La profession de foi du nouvel homme fort, qui n’est point inquiété par Paris, n’enlève rien au caractère tout à fait plausible d’une telle allégation. Ce que l’on peut également dire sans risque de se tromper c’est que la mise en résidence surveillée de celui qui réclame de ses amis qu’ils fassent le maximum de bruit n’est en rien comparable au détrônement de Mohamed Bazoum.

Le nouvel homme fort de Libreville qui serait un cousin éloigné des Bongo ne nourrit à priori aucun grief contre personne. Surtout pas la France. Signe qu’Ali Bongo s’était aliéné en partie la sympathie de l’Elysée qu’il exaspérait depuis ses relations coupables et contre-nature avec le Commonwealth, sur fond de ressentiments consécutifs au dossier des biens mal acquis, c’est du bout des lèvres que Paris a condamné le coup de force.

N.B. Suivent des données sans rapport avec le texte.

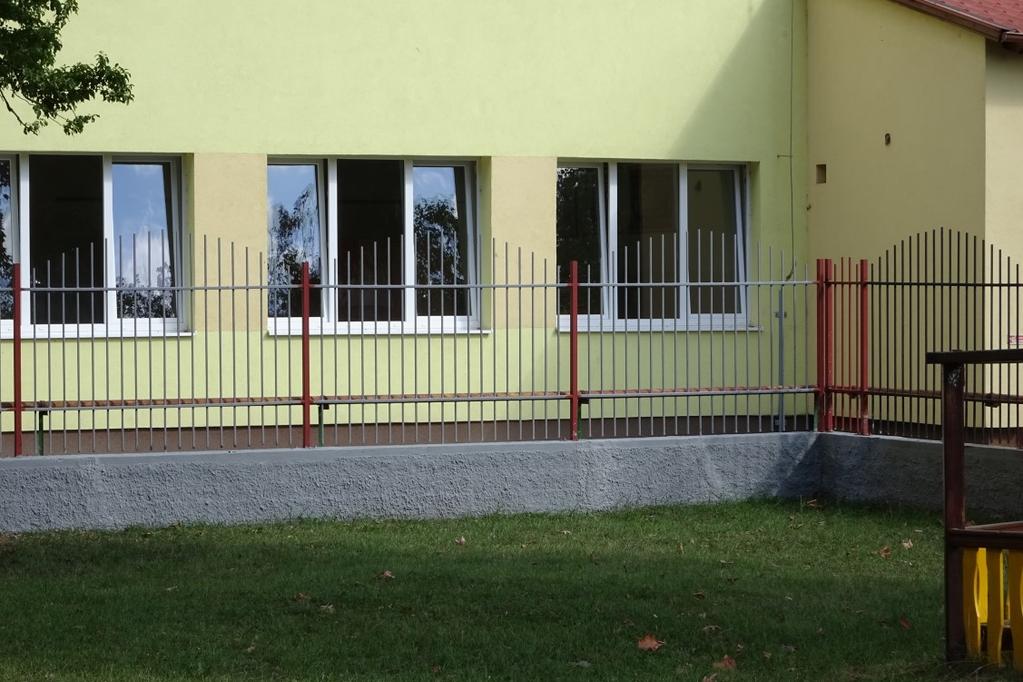 MEGÚJULNAK AZ INTÉZMÉNYEK KERÍTÉSEI Az önkormányzat az idei évben saját beruházásban folyamatosan cseréli le a rossz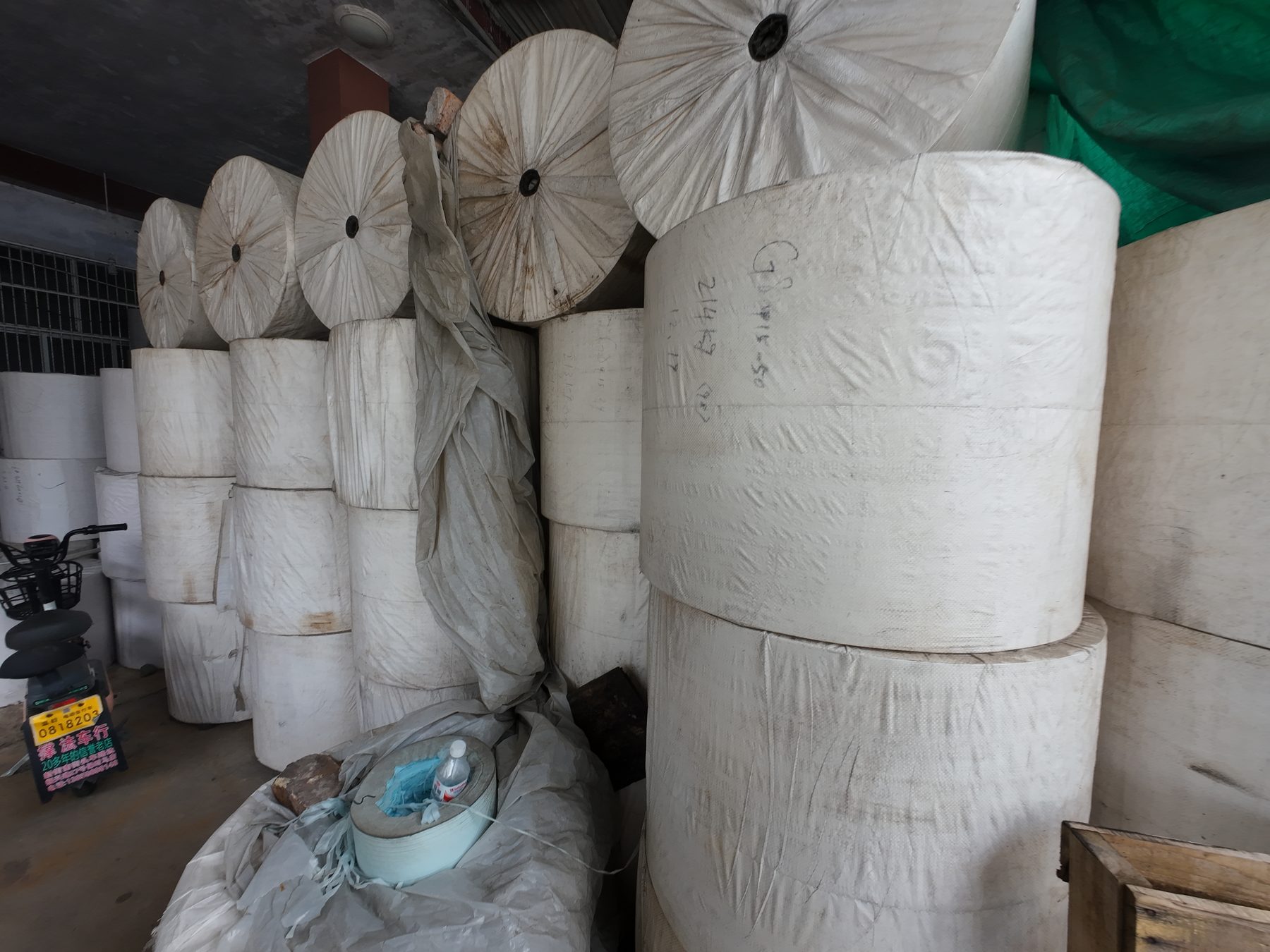 Foto de materias primas preparadas para fabricar sombreros 10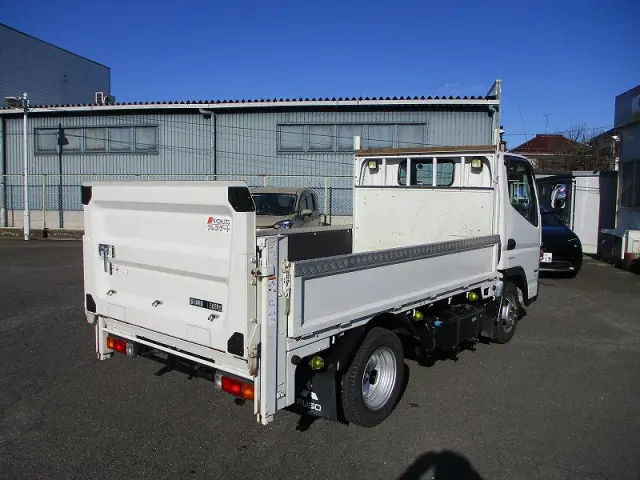 三菱 キャンターガッツ TPG-FBA00(2WD)の写真4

Autre signe des temps, c’est en anglais la langue de la reine Elizabeth aux funérailles de laquelle Ali Bongo aurait pleuré comme une Madeleine, qu’il s’est adressé aux amis qui ont pu lui rester de par le monde. C’est clair que cet évènement a dû avoir un certain retentissement en Afrique centrale et notamment chez le grand voisin camerounais. D’aucuns ont dû frémir à l’idée que ce scénario puisse se reproduire contre le palais d’Etoudi.

Cet autre pays que je connais assez bien pour y avoir séjourné une dizaine d’années, dans ma fringante jeunesse pour paraphraser Christiane Taubira, partage avec le Gabon la longévité dynastique du pouvoir. L’on prêterait même à Paul Biya le projet de se faire remplacer au pouvoir le moment venu par son fils. Comme naguère Albert Omar Ondimba Bongo par Alain Ali Ondimba Bongo.

Les opposants des Biya se surprennent de nouveau à rêver, eux dont la voix était à peine audible depuis la disparition du chairman John Fru Ndi, le seul opposant ayant le temps d’une élection réussi à troubler les nuits du mari de Chantal Biya. Le général Deby fils de son père ci-devant maréchal Idriss Deby Itno aurait également quelques raisons de se faire du mouron. Lui que l’initiative sous régionale pilotée en sous-main par la France vraisemblablement avait désigné si malencontreusement comme émissaire auprès des généraux de Niamey.

Le président Nbasogo que la manne pétrolière a sauvé en Guinée Equatoriale et qui nourrit tout aussi vraisemblablement les mêmes rêves dynastiques aurait lui aussi tort de ne pas prendre au sérieux le message des peuples dont les militaires sont devenus peu ou prou les véhicules sur le continent. Personnellement, je n’ai pas le fétichisme de la dévolution démocratique, soi-disant, ni même celui de la limitation des mandats. Je placerais plutôt mon curseur sur la qualité de la gouvernance, comme je m’en suis déjà expliqué plus haut lors de cet entretien. Le modèle Kagamé, sauf évolution fâcheuse majeure, me conviendrait parfaitement à cet égard.